Paper Review - Event Extraction for Criminal Legal Text(Q Li, 2020)

2023-08-01 paper review

이진헌 (Jin-Heon, Lee)
이진헌 (Jin-Heon, Lee)
MSc Course
AI-based Crime Investigation System

This paper addresses issues within the realm of legal work by employing event extraction technology on the case description section of Chinese legal texts, specifically focusing on larceny cases. The authors define event types, event arguments, and their roles in larceny cases. They create a dataset for event extraction through data annotation and divide the extraction process into two stages: identifying event trigger words and jointly extracting arguments, followed by assigning event argument roles. The methodology involves utilizing BERT for Chinese character vectors, employing a BiLSTM-CRF model for initial extraction, integrating additional features, and using a CRF model for improved extraction. The extracted event data is presented in a chronological sequence to facilitate litigation visualization. The paper also discusses formatting Chinese time expressions, sorting event information chronologically, and introducing a web application for displaying the event timeline. The primary focus areas are Chinese legal text, event dataset creation, event extraction, and litigation visualization.

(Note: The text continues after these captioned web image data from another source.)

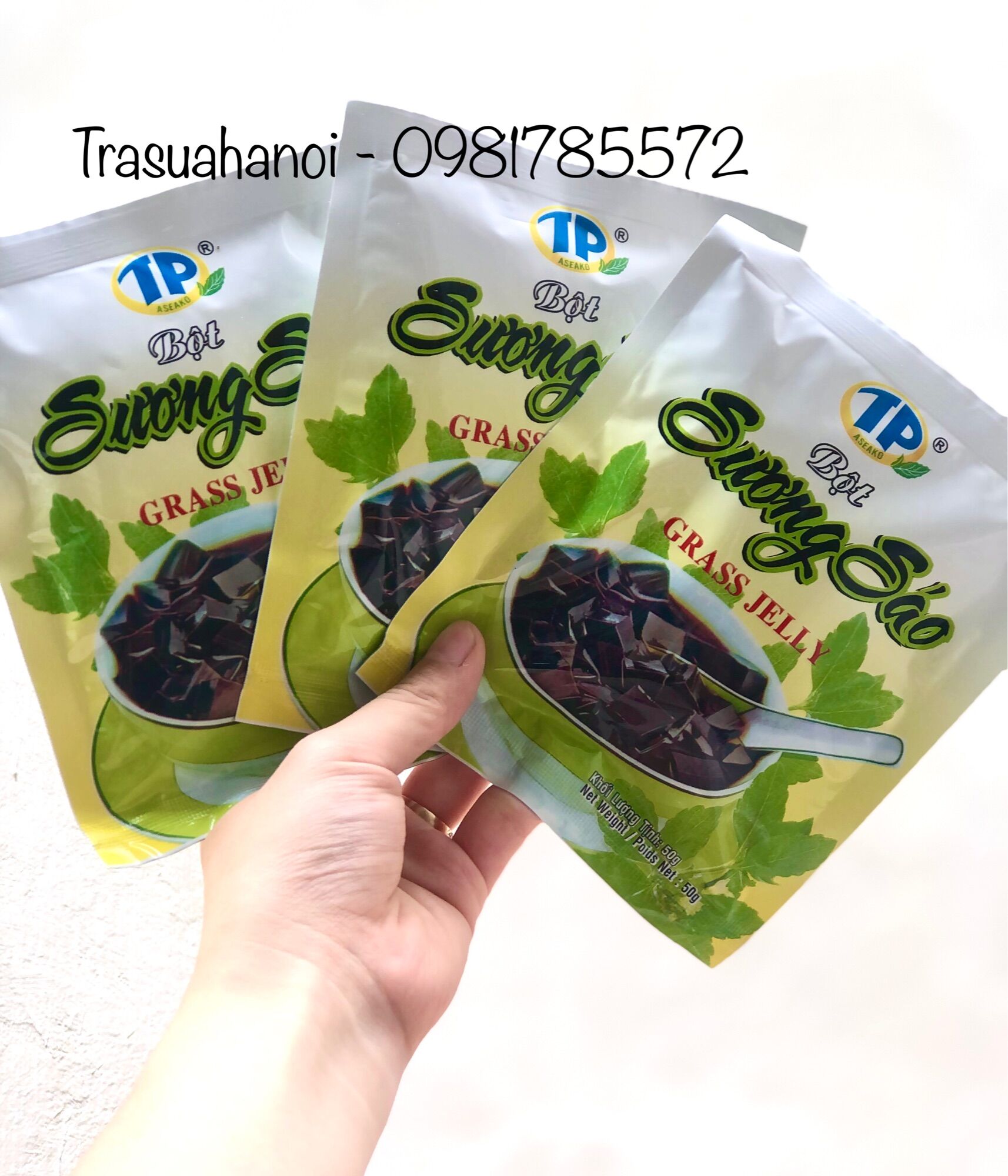 3 gói thạch sương sáo đen túi 50g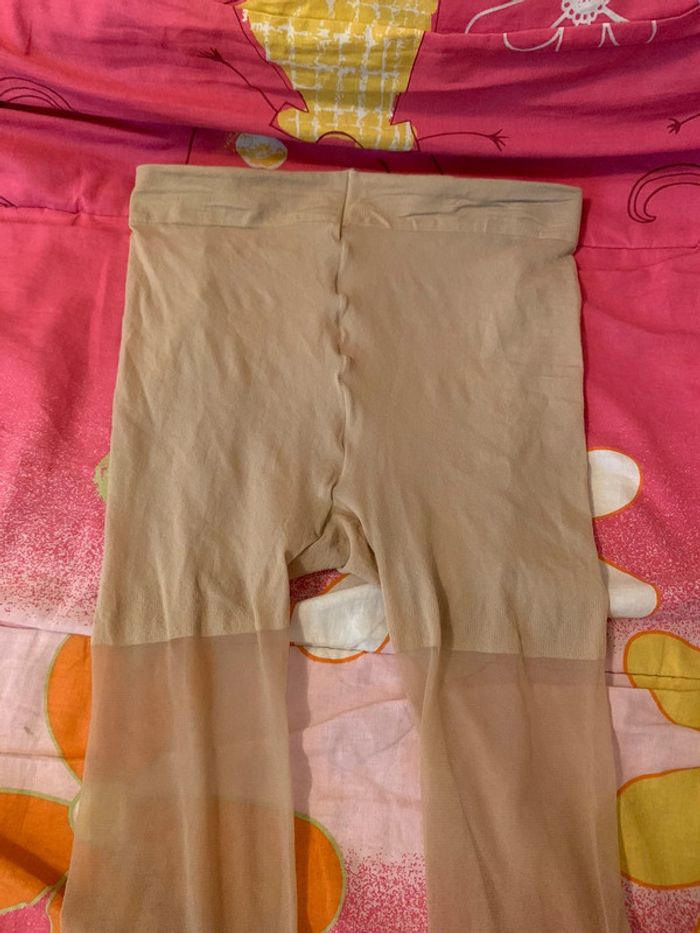 Collants beige voile léger taille M - photo numéro 3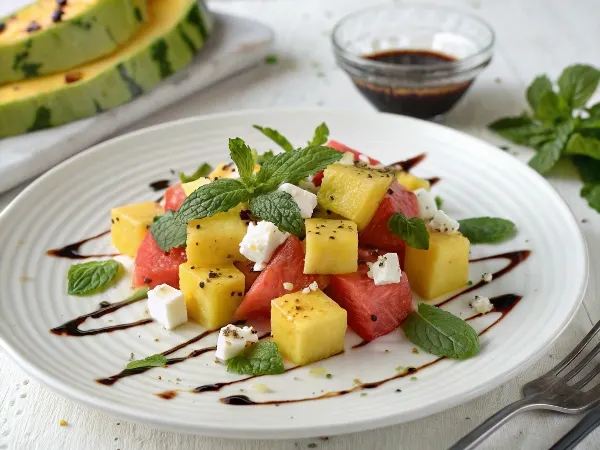 Yellow watermelon salad with feta cheese and mint leaves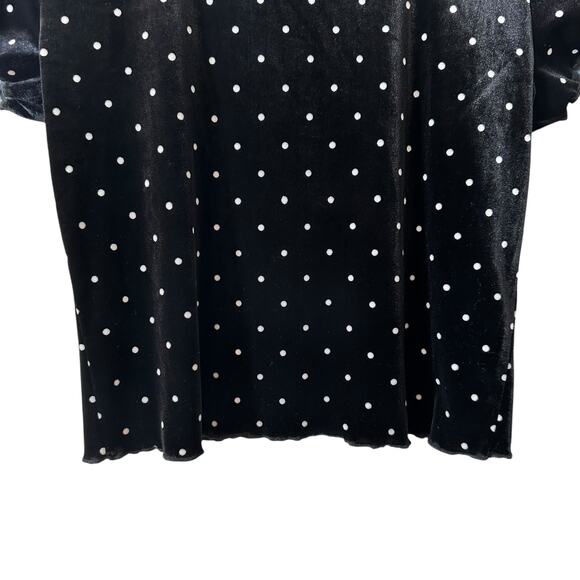 Abercrombie & Fitch Velour Polka Dot Lettuce Sleeve Shirt Top Black M Whimsigoth - Picture 5 of 9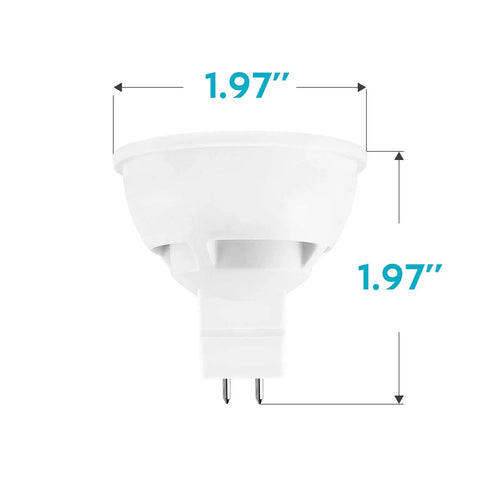 MR16 LED Bulb 50W Equivalent 12V 3000K Soft White Dimmable Spotlight side view with 1.97 inch dimensions, GU5.3 Base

Related research for this paper included Event Extraction, Event Graph Construction, and Legal Intelligence Research, We reviewed relevant studies that applied event extraction techniques across a variety of domains, including news articles, biomedical literature, and social media. It highlighted the specific challenges faced when applying event extraction techniques to legal texts due to the complexity and ambiguity of legal language and the importance of event extraction in the legal domain to help legal professionals evaluate and judge cases.


Data labeling tool: YEDDA Labeling scheme: BIO scheme



Event argument extraction results are generally good. The reason for the relatively poor extraction results for location entities is that they have a more irregular representation.